In the first post of this series I talked about transmissibility, but I never really explained it. Let’s back up and finish that thought while showing why I think double-digressive shock valving is the key to good grip. This is going to be fairly technical, but if you slog through it to the end I think you’ll feel rewarded.
In Figure 1 below I’ve reproduced the standard one degree of freedom (1-DOF) transmissibility vs. frequency ratio chart that’s in all textbooks (and many papers) about vibration isolation. A 1-DOF model means one spring and one mass. Most of you probably already know that a standard car suspension is at least 2-DOF at each corner, i.e. it has two masses (sprung and unsprung) which can both move. This was illustrated in the previous blog post. Therefore it takes two numbers to describe the state of the system, i.e. two positions, one for each mass, thus 2-DOF. So, the figure below is for a model that’s even simpler than a real suspension, but I think we can learn a basic truth or two from it nonetheless.
So, what does “frequency ratio” mean? That means the ratio of any particular input frequency to the natural frequency of the system, i.e. the Fn we talked about previously.
So, a frequency ratio of 1.0 on the horizontal axis means 1.0 x Fn which is Fn. A ratio of 2 means a frequency of 2Fn. Remember, a typical Fn for a sporty car might be 1.5Hz, so a ratio of 2 would mean 2 x 1.5 = 3Hz for that particular system. This is the ratio of the frequency, the cyclic rate, of a disturbance to the system as compared to the system natural frequency.

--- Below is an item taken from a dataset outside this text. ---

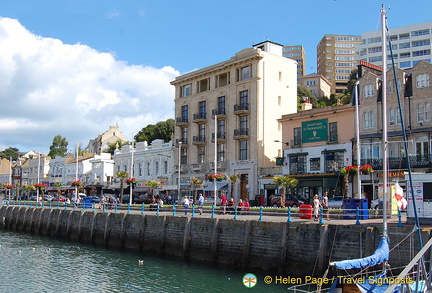 Torquay seafront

The transmissibility ratio, let’s call it T, are the numbers listed vertically on the left side of the chart. They mean the ratio of response to input. So if the T is 1, it means that if the tire (in our case) encounters a bump 1 inch high then the mass of the car (the sprung mass in our case) will also move up 1″. The ratio of output to input (T) is then 1.
This is exactly the case at zero frequency ratio (the left, vertical axis) and it might represent, for instance, going over bumps very slowly. Imagine slowly creeping over a series of 4″ high speed bumps. How much does the car lift over each one? Right. 4 inches. If you go slow enough the spring won’t compress at all and the sprung mass won’t bounce upward.
Now please notice the five curves that are labeled with the values 0, 0.1, 0.2, 0.5 and 1. These numbers indicate percent of critical damping or damping ratio in the system associated with each curve. 0.1 means 10% of critical damping, 0.5 means 50% of critical damping, etc.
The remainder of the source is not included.